- Heavy ETH accumulation failed to trigger a price breakout.
- On-chain metrics show sellers remain far from exhaustion.
- Bearish derivatives and weak momentum cap ETH upside.
Key Takeaways
On paper, the signal looked strong as Tom Lee’s BitMine Immersion accumulated nearly 100,000 ETH last week.
However, in reality, the impact on Ethereum’s price has been negligible, leaving the market wondering why.
But it is not the first time that a high-profile accumulation has failed to ignite momentum. In this case, many had hoped that the consistency in buying should have triggered a breakout.
However, that is not the whole story, as this analysis revealed why ETH’s price has failed to surge despite the heavy accumulation.
For weeks, the Tom Lee-led firm has been accumulating ETH. Yet, Ethereum’s price did not reach its all-time high.
Instead, the market value of the cryptocurrency has struggled to hold above $3,000. Last week, BitMine added more, with Lee saying that the firm’s goal is to own 5% of the total ETH supply.
“Bitmine continues to add steadily to its ETH holdings, adding 98,852 ETH in the past week, and Bitmine holdings now exceed the crucial 4 million ETH tokens. This is a tremendous milestone achieved after just 5.5 months,” Thomas “Tom” Lee of Fundstrat, Chairman of Bitmine said.
According to CCN’s analysis, Ethereum’s lack of upside follow-through has coincided with a decline in its Seller Exhaustion Constant.
For context, the Seller Exhaustion Constant is an on-chain metric used to gauge whether selling pressure is nearing depletion.
At the time of this release, the indicator has fallen to 0.027, its lowest reading since June.

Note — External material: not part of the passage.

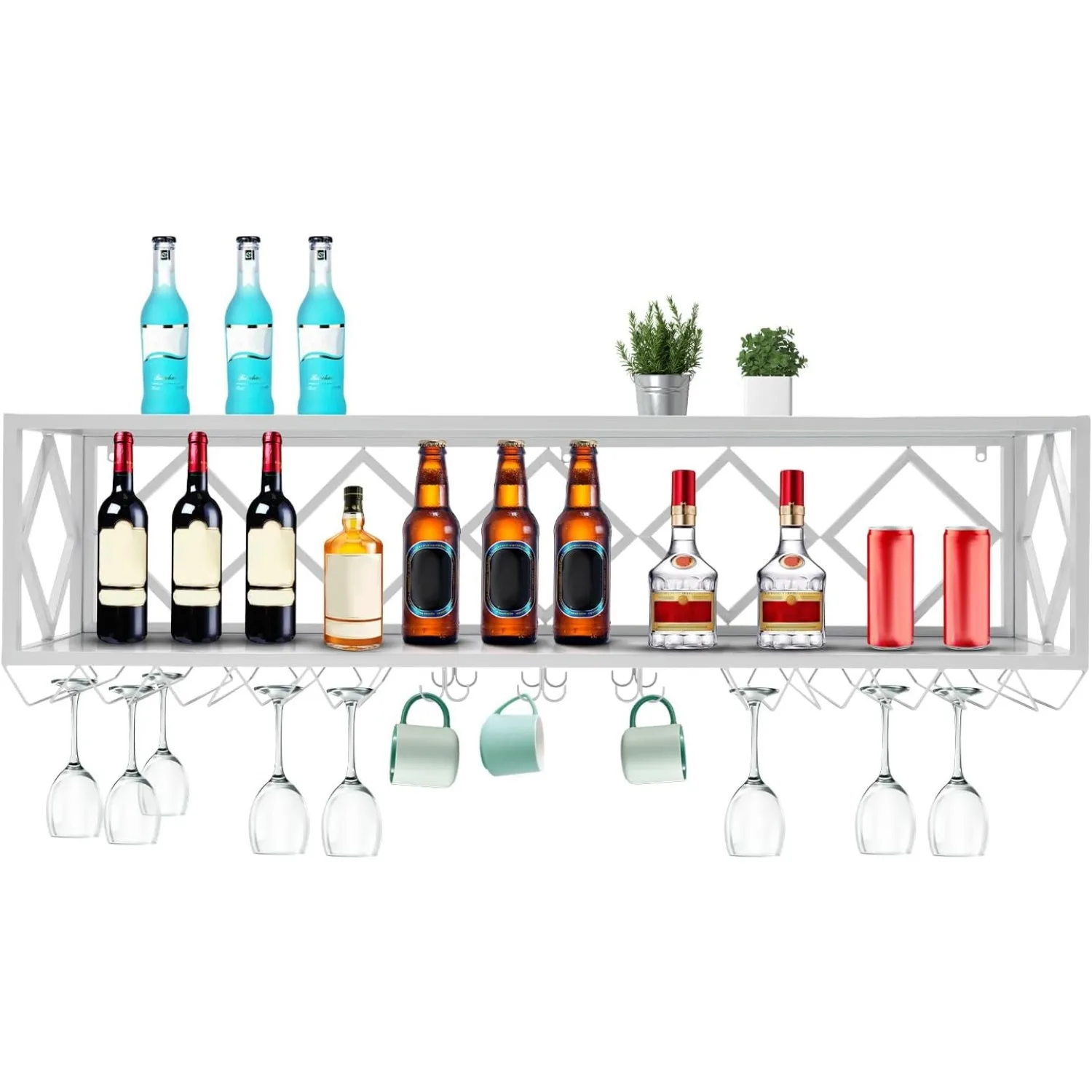 Wall Mounted Wine Rack with Wine Glass Rack Metal Wine Storage Display Shelf Wine Multifunctional Iron Bottle Holder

Such a low value suggests that sellers have not yet reached a point of exhaustion, meaning supply continues to meet—or outweigh—demand.
Should this trend persist in the days to come, Ethereum’s price may struggle to trade higher.
Beyond seller exhaustion, derivatives positioning is also weighing on Ethereum’s price action.
In particular, the Taker Buy/Sell Ratio continues to reflect a cautious-to-bearish bias.
At press time, CryptoQuant data indicate that the metric has slipped to 0.96, suggesting that sell-side taker volume is now outweighing buy-side activity in perpetual futures markets.
The Taker Buy/Sell Ratio measures the proportion of aggressive buy orders relative to aggressive sell orders.
Readings above 1 typically signal bullish dominance, while values below 1 suggest sellers are in control.

With the ratio now below this threshold, the data suggests weakening demand from leveraged traders, limiting ETH’s ability to sustain a breakout.
From a technical standpoint, Ethereum remains within a descending channel, reinforcing the broader corrective structure.
Momentum indicators remain unsupportive.
The Chaikin Money Flow (CMF) has slipped below the zero line, indicating that sell-side pressure currently outweighs buying interest.
Furthermore, the Supertrend indicator remains bearish, with its red band positioned above the spot price.
If these conditions remain unchanged, ETH’s price could drift lower toward the $2,740 region in the near term.
However, a slowdown in selling pressure, particularly if sellers begin to show signs of exhaustion, could allow Ethereum’s price to reassert itself above the upper boundary of the descending channel.

In that scenario, a move toward $3,163 would come back into focus, though such a breakout would require a confirmation from momentum and volume.